2024-2025 Ph.D. Fellows
Lauren Kelly is a sixth-year PhD candidate in the Van Hunnick Department of History at USC. Her research reframes a seminal event in water history of the U.S. West: the story of how Los Angeles seized water from Payahuunadü, also known as the Owens Valley. Most scholars and the broader public understand this water transfer through the lens of the first Los Angeles Aqueduct, which the Los Angeles Department of Water and Power (LADWP) completed in 1913. However, to truly comprehend both the environmental and human impacts of LADWP’s water extraction, it is crucial to turn our gaze to the decades following this first piece of infrastructure. By providing a diverse and multi-generational study, Lauren demonstrates how resource extraction creates long-term, transformative relationships. In our era of ever-increasing demands for water, this knowledge will help us address water precarity while prioritizing the rights and needs of frontline communities. Lauren has won awards such as the Dick Cone Award for Community-Engaged Scholarship and the John R. Hubbard Award for department leadership during the COVID-19 pandemic. Before coming to USC, she got her B.A. in History at UC Berkeley.
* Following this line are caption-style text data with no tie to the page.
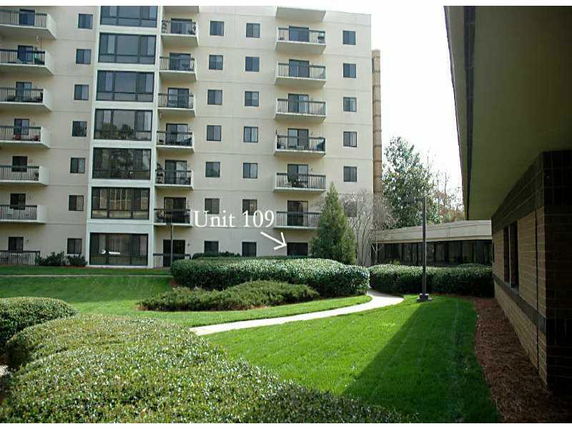 Front view of a multi-story apartment building with balconies.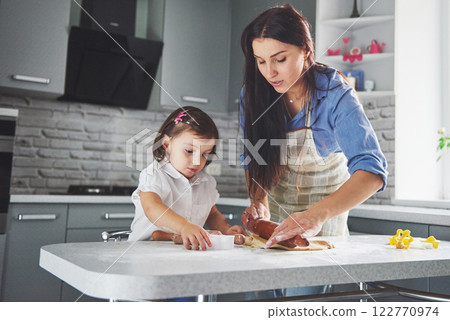 A beautiful daughter with her mother bakes New Year's greetings. Merry Christmas 122770974
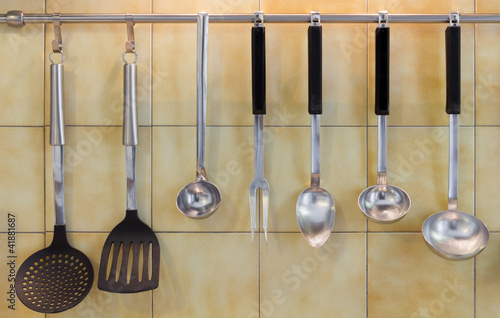 Kitchen tools against a tiled wall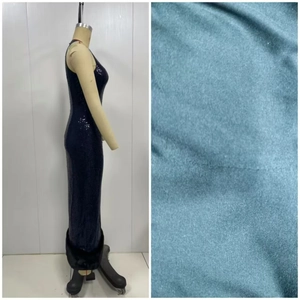 Close-up of sparkling navy sequins and faux fur trim on a sleeveless evening gown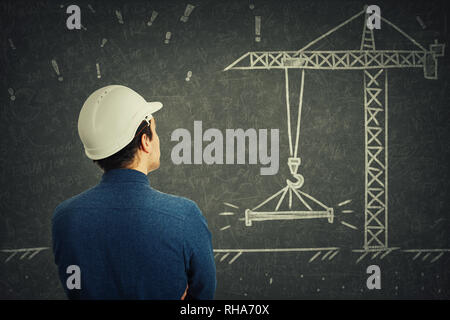 Rear view of confident young man engineer wearing white protective helmet thinking in front of blackboard. Chalk drawing and solving engineering probl Stock Photo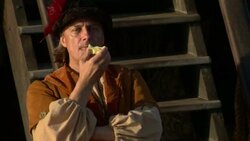 Christopher Columbus eats fruit on a ship's deck. Stock Footage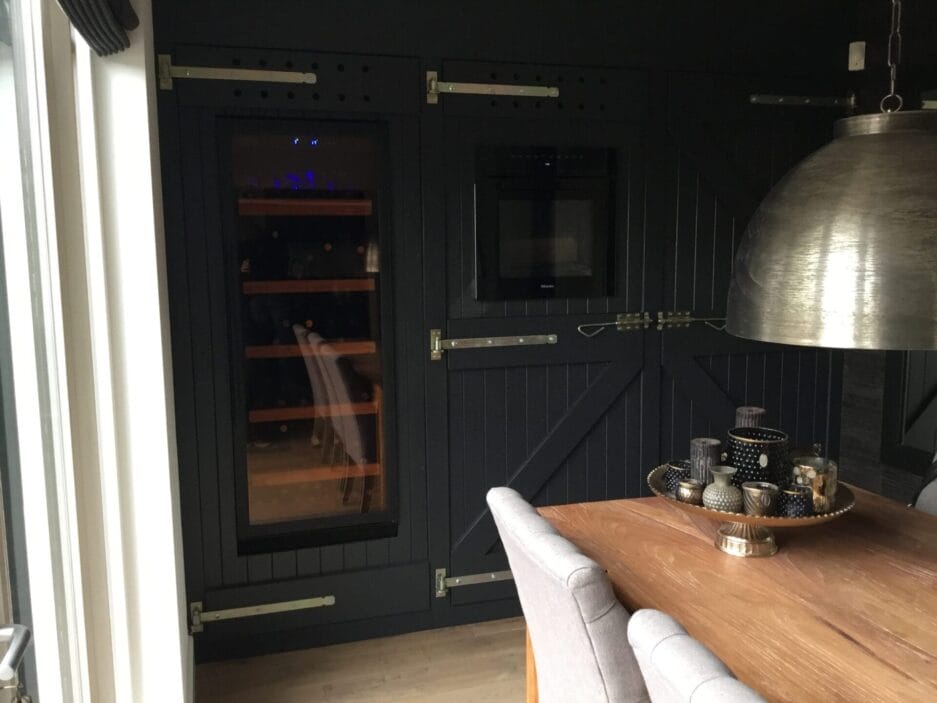 Kamer, voorzien van een Wijnbewaartkast (max 120 flessen, 164 cm hoogte) met glazen deuren, een houten tafel, metaalkleurige hanglamp en een grijs gestoffeerde stoel.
Dissertation Title: “Troubled Waters: A Post-1930 Environmental History of Payahuunadü”
Jessica Somers is a PhD candidate in English and a certificate student in Gender and Sexuality Studies at the University of Southern California. Her research focuses on temporality, space, and material cultures of empire in anglophone literature from the long nineteenth century. Jessica’s dissertation assembles an archive of cultural representations of the colonial home to examine the potentiality of domestic objects to unsettle the narratives of gender, sexuality, and subjecthood foundational to British imperial mythologies. She has been awarded a fellowship from The Huntington and has contributed to The Literary Encyclopedia. Jessica holds an MA from Cal State Los Angeles, where she wrote a thesis on colonial ambivalence and queerness in the lesser-known short stories of E. M. Forster, and a BA from California State University, Long Beach. She is a first-generation college student from Los Angeles.
Dissertation Title: “Keeping House in the British Empire: The Colonial Home in Global Anglophone Literature, 1800-1930.”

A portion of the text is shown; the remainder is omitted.